> Information
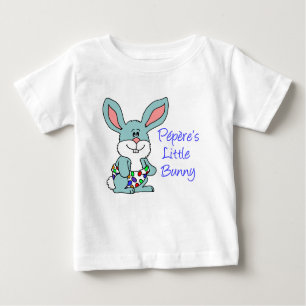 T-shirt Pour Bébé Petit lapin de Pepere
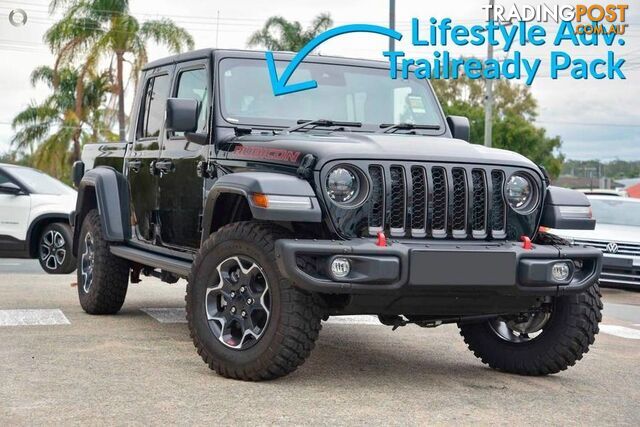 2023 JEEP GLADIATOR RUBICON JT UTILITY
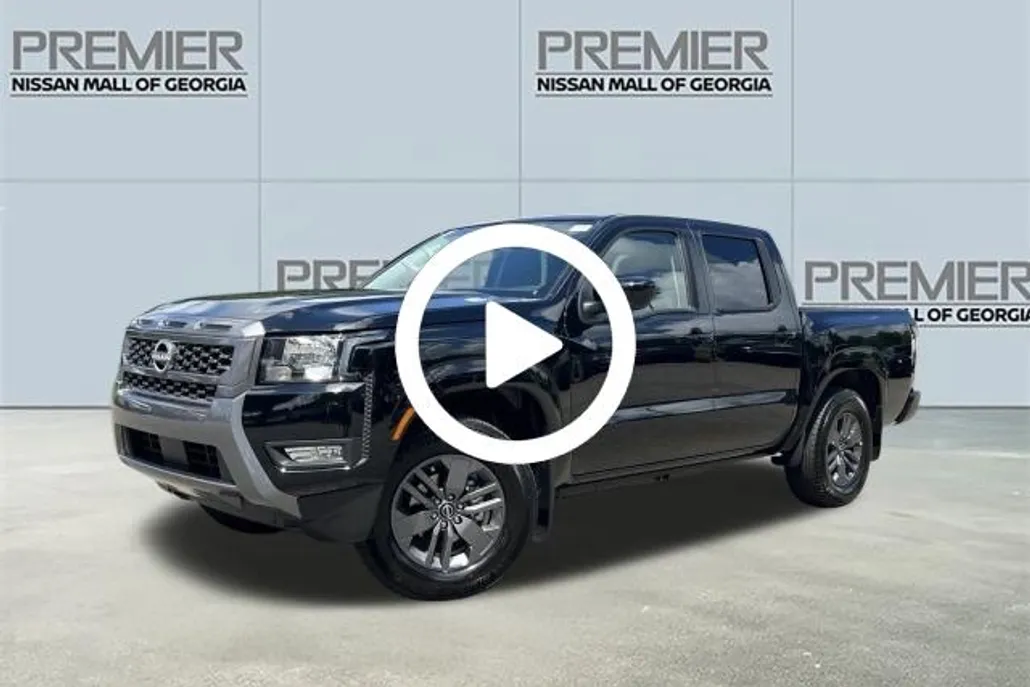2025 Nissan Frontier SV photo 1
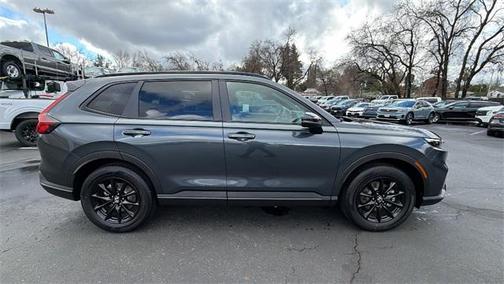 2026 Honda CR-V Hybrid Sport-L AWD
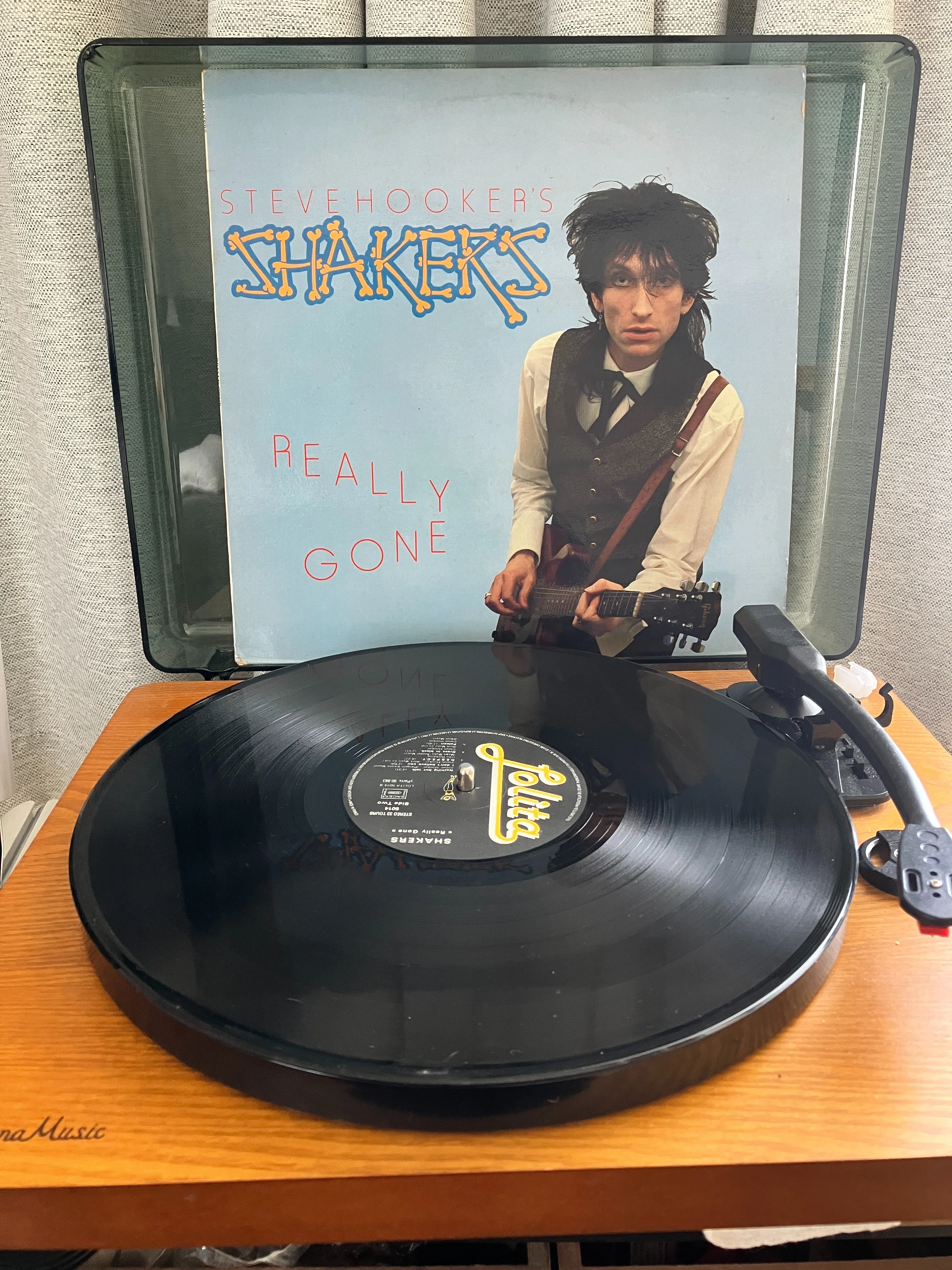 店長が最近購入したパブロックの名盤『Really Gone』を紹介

...

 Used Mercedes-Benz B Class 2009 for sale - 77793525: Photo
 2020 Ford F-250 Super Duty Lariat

> Problem
For this exercise, set down the lines in the entries above from the one with "2023 JEEP GLADIATOR RUBICON JT UTILITY" through the one with "店長が最近購入したパブロックの名盤『Really Gone』を紹介" exactly as written, without any pictures.

> Result for this task
 2023 JEEP GLADIATOR RUBICON JT UTILITY
2025 Nissan Frontier SV photo 1
 2026 Honda CR-V Hybrid Sport-L AWD
 店長が最近購入したパブロックの名盤『Really Gone』を紹介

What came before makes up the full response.